Member of the National Assembly for Paris's 3rd constituency
- Incumbent
- Assumed office 18 July 2024
- Preceded by: Caroline Yadan

Personal details
- Born: 9 April 1990 (age 36) Évry, France
- Party: The Ecologists NFP
- Education: Sciences Po

= Léa Balage El Mariky =

French politician (born 1990)

Léa Balage El Mariky (born 9 April 1990) is a French politician of The Ecologists who was elected member of the National Assembly for Paris's 3rd constituency in 2024. She serves as deputy mayor of the 18th arrondissement of Paris, and was a candidate for the constituency in 2022.

==Biography==
Léa Balage El Mariky was born on April 9, 1990, in Évry, Essonne in the Essonne department.

Her family moved to Bègles in Gironde when she was six years old. Her father was a car salesman and her mother alternated between periods of unemployment and work. At the age of 11, she was elected to the Bègles Youth City Council. After obtaining a law degree in Bordeaux, she enrolled at Sciences Po Paris in 2012 and, after failing the ENA entrance exam in 2015, became the parliamentary assistant to journalist and environmentalist politician Noël Mamère.

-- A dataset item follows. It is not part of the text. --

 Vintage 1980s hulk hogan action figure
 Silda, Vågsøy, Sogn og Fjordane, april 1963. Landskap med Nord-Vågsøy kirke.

In 2016, in response to the proposed law on revoking citizenship of dual citizens, she chose to add her mother's name, El Mariky, who is of Moroccan origin, to her own name. She also launched a petition denouncing the Employment discrimination she claims her mother has suffered at work.

She joined The Ecologists executive committee in 2019.

Deputy Mayor Éric Lejoindre of the 18th arrondissement of Paris since 2020, responsible for community life, sustainable food, short supply chains, and school meals, she is also the representative for the Chapelle Nord neighborhood council.